The Farm Bill and Other Bad Ideas
Need proof that Washington lawmakers are out of step with the American people? Consider the farm bill, a Depression-era relic that heavily subsidizes America’s agriculture.
Agriculture Committee members have been negotiating with the White House to cultivate a version that the president will sign. Expect a great harvest for everyone but conservatives: Many lawmakers are increasing subsidies to farmers who are benefiting from record crop prices.
According to my Heritage Foundation colleague Brian Riedl, since the 2002 farm bill was considered, the price of rice has gone up 281 percent, and wheat has risen 256 percent. Yet negotiators want to keep rice subsidies at the same level as the prior farm bill and actually increase subsidies for wheat farmers.
Current farm policy sets no income limit for full-time farmers to be eligible for farm subsidies. President Bush says subsidies should be limited to those making less than $200,000 annually (although he may accept a higher farmer income cap of $500,000). Congress is considering setting the bar at $1 million.
Meanwhile, food prices are skyrocketing and American families are hurting. A better farm policy would be to jettison all subsidies and let the free market set farm prices.
Who has the power to hunt and kill America’s economic activity with one simple bureaucratic regulation? Department of Interior Secretary Dirk Kempthorne.
Because of a court order by federal judge Claudia Wilken of California, Kempthorne has until May 15 to decide if the polar bear should be covered by the Endangered Species Act. Radical environmentalists argue that global warming is destroying the bear’s icy habitat.
The inconvenient truth is that the bears are thriving. Its numbers have more than doubled in the past 30 years, and Canada (!) recently refused to place the animal on its threatened species list. In fact, Canadians allow 500 polar bears to be killed each year, which hasn’t discouraged a majority of the estimated 20,000 to 25,000 bears in the world from residing in Canada.
If Kempthorne complies, radical environmentalists will sprint into court to pursue their economically debilitating global-warming agenda. Left-wing judges will agree to block the building of new power plants, curtail SUV use, and stifle every-day economic activity. Conservatives, beware of the left using cute and cuddly polar bears to use our courts to turn some of our most precious freedoms into endangered species.

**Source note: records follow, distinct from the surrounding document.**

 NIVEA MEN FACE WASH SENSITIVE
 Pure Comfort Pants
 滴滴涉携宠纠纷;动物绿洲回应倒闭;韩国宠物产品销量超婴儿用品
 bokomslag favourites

Late last year, the House passed by a large margin a bill that allows federal recognition of “Native Hawaiians” as a distinct group, and Senate Majority Leader Harry Reid has promised it some floor time. Known as the “Akaka Bill,” it would establish a governing body to represent Native Hawaiians in negotiations with the federal and state governments. So much for equal protection. Congress seems ready to create a new government based on the racial or ethnic background of individuals.
The Akaka Bill would establish a government where only people who can prove Native Hawaiian status would be allowed to vote and participate. The average American would be revolted by the thought of, say, an African-American Governing Authority, where people would have to submit DNA evidence to be allowed the privileges and immunities of membership. Yet it’s somehow acceptable for Native Hawaiians to have a race-based governing body to collect federal cash and buy lands for the use of Native Hawaiians who pass the race test. What happened to “all men” being “created equal”?

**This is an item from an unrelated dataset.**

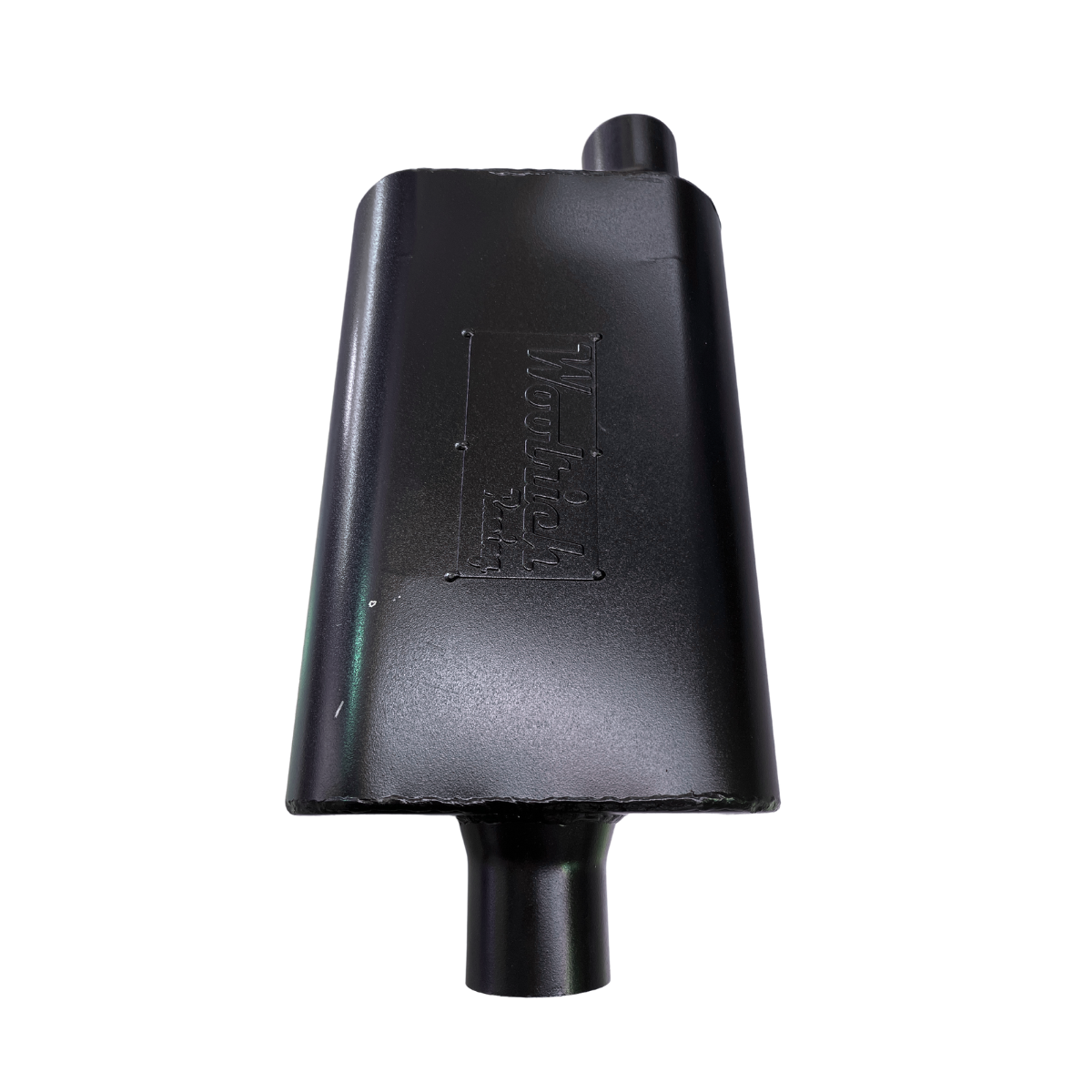 Mofle Deportivo Tipo Serie 40 Woolrich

Congress has largely ignored the explosion in spending under the federal government’s entitlement programs. In Fiscal Year 2007, Washington ran a $163 billion deficit — and entitlement programs are the chief culprit. Medicare, Medicaid and Social Security are projected to expand rapidly and create unsustainable deficits.

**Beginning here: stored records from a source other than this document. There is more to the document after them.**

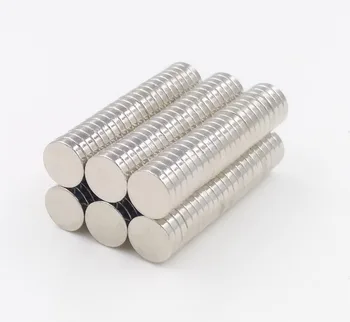 5000pcs 6*1.5 Super Powerful Strong Bulk Small Round NdFeB Neodymium Disc Magnets Dia 6mm x 1.5mm N35 Rare Earth NdFeB Magnet
5000pcs 6*1.5 Super Powerful Strong Bulk Small Round NdFeB Neodymium Disc Magnets Dia 6mm x 1.5mm N35 Rare Earth NdFeB Magnet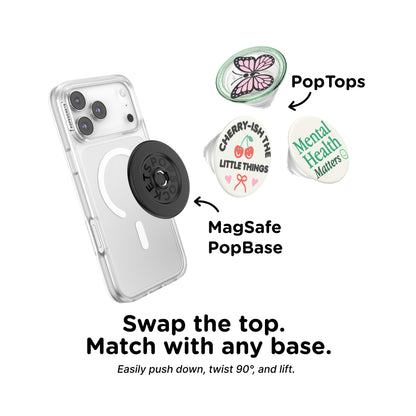 Cherry-ish The Little Things — PopTop - US 06709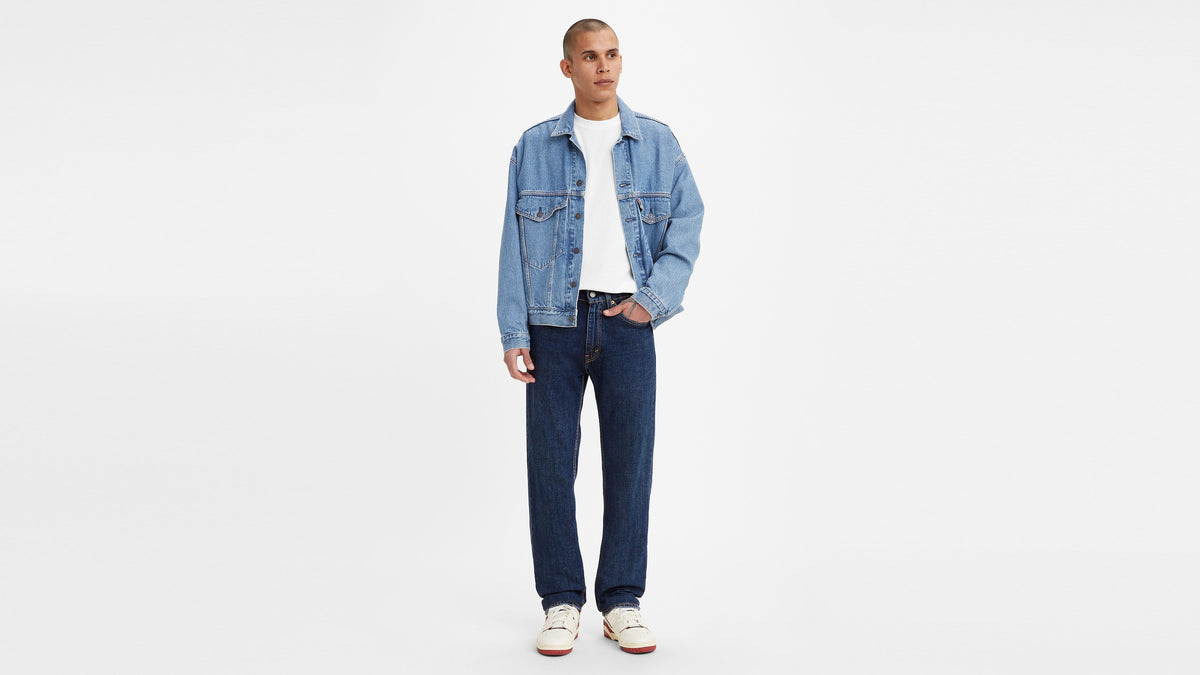 Levi's® Men's 505™ Regular Jeans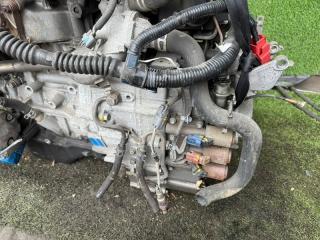 Запчасть акпп HONDA ZEST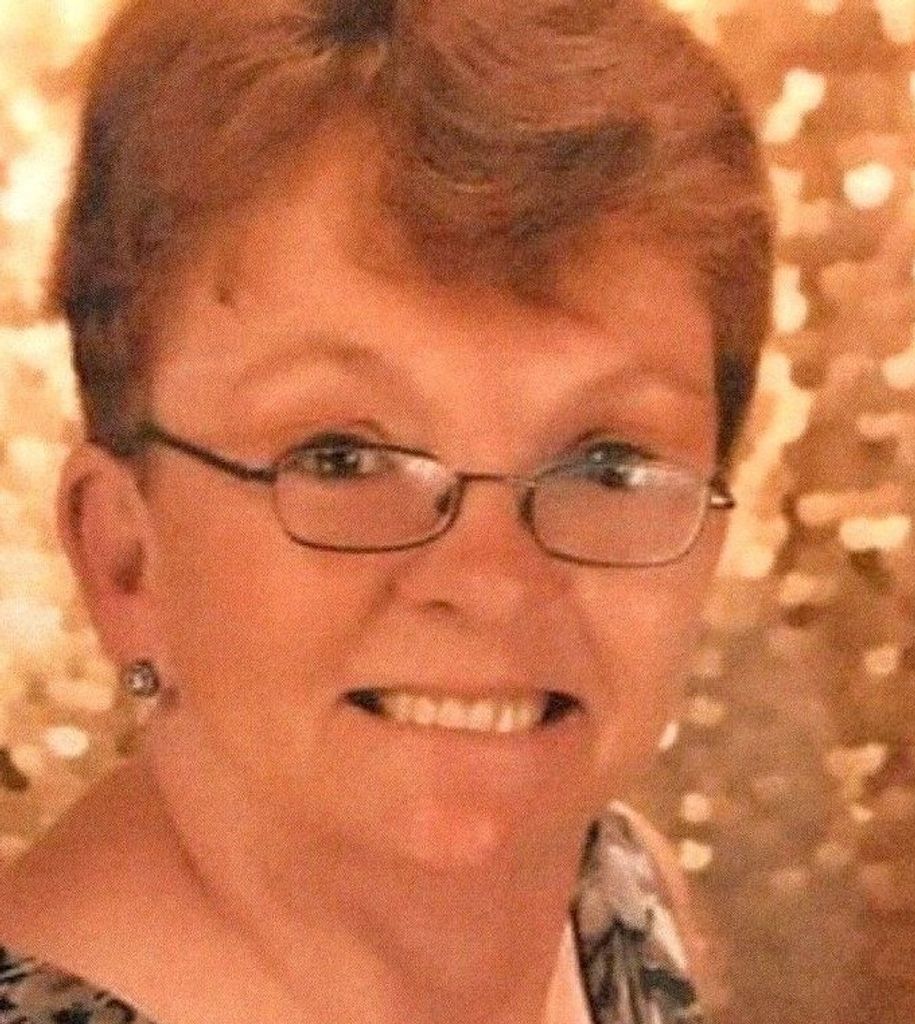 Mary  Ellen Walls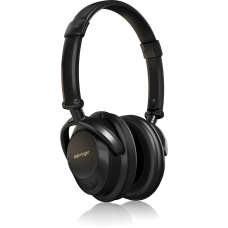 Behringer HC 2000B Studio-Quality Wireless Headphones with Bluetooth* Connectivity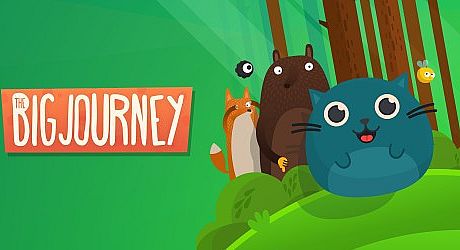 The Big Journey Game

Yet members of Congress can’t even take baby steps to slow this expansion. Look at how Congress responded to President Bush’s seven rules designed to curb certain Medicaid fraud and abuses. Medicaid is a joint federal and state program that spent $338 billion in taxpayer monies last year, and the president proposed reforms that would save taxpayers $42.2 billion over the next 10 years. Congress, though, is trying to block them.
Conservatives should encourage lawmakers to tackle entitlement reform. If members lack the stomach for even modest reform, they need quite a kick.